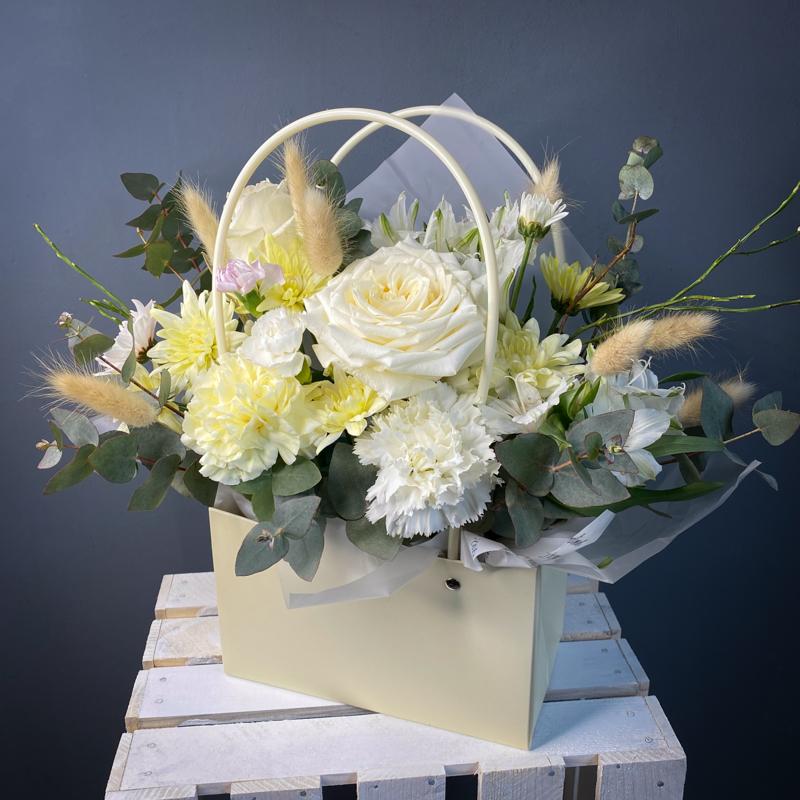 Букет в сумочке 002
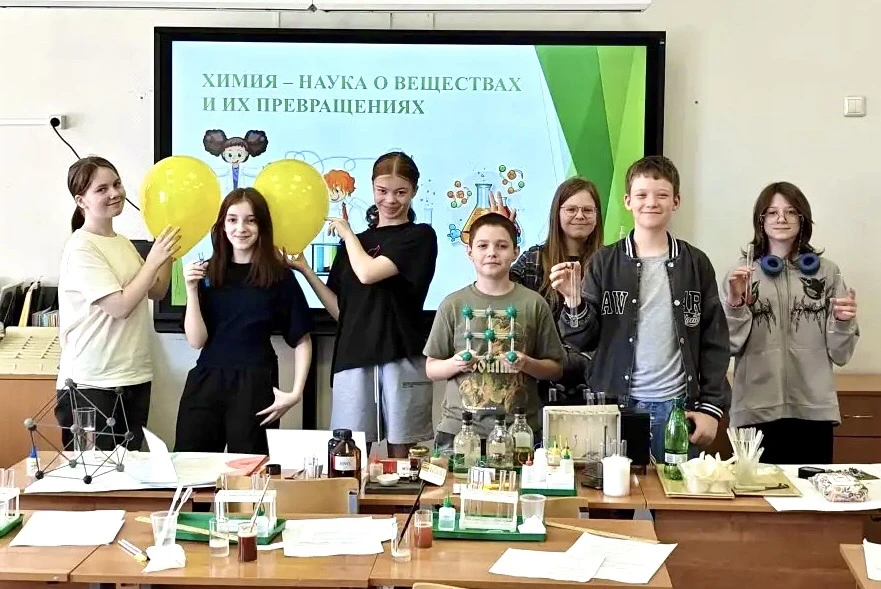 КАНИКУЛЫ С ПОЛЬЗОЙ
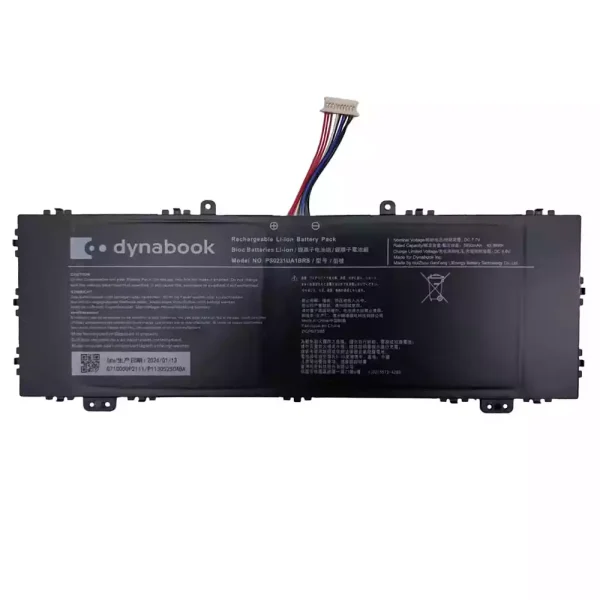 Nagelneuer Akku für TOSHIBA Dynabook PS0231UA1BRS
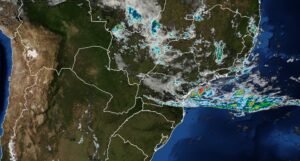 Chuva ou sol na segunda semana de março?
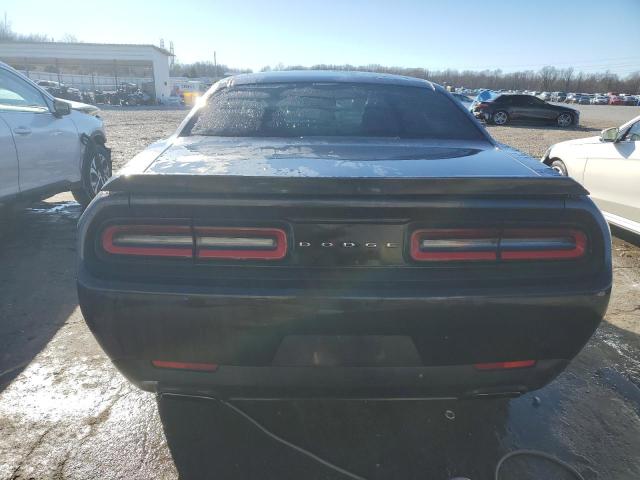 2C3CDZAG6GH296928 - 2016 DODGE CHALLENGER SXT CHARCOAL photo 6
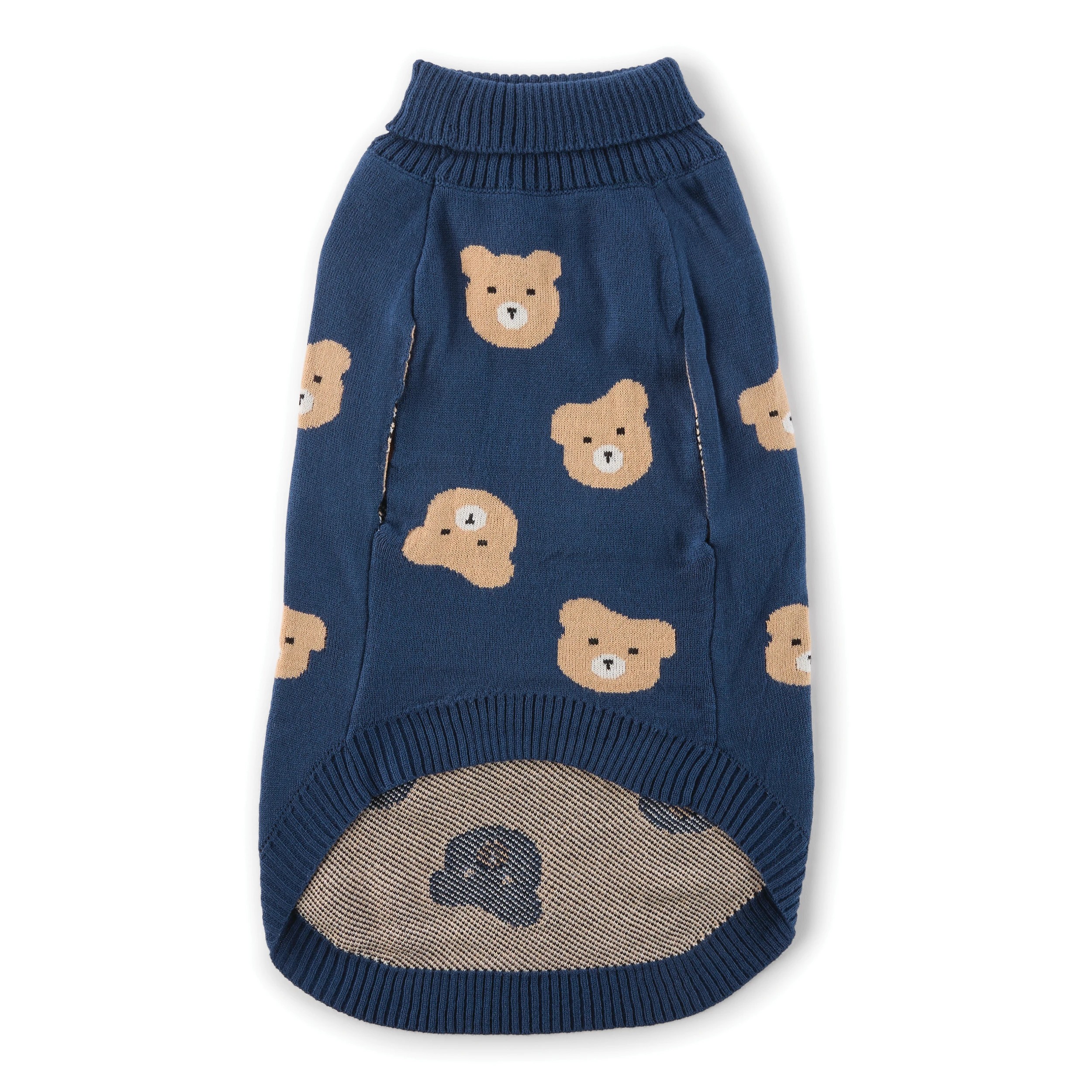 6 Pet Teddy Knit Jumper - Extra Extra Large, 6 of 9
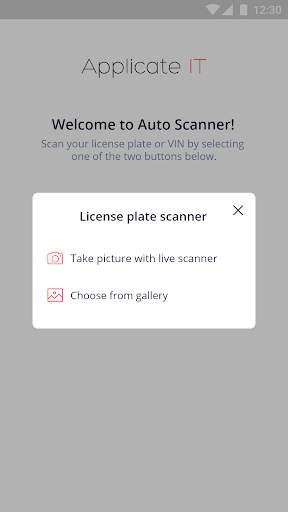 AUTO Scanner screenshot 3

• What you are asked to do
The output should hold only the lines from the one containing "2C3CDZAG6GH296928 - 2016" through the last line of the listing, reproduced exactly, pictures omitted.

• Solution
 2C3CDZAG6GH296928 - 2016 DODGE CHALLENGER SXT CHARCOAL photo 6
 6 Pet Teddy Knit Jumper - Extra Extra Large, 6 of 9
 AUTO Scanner screenshot 3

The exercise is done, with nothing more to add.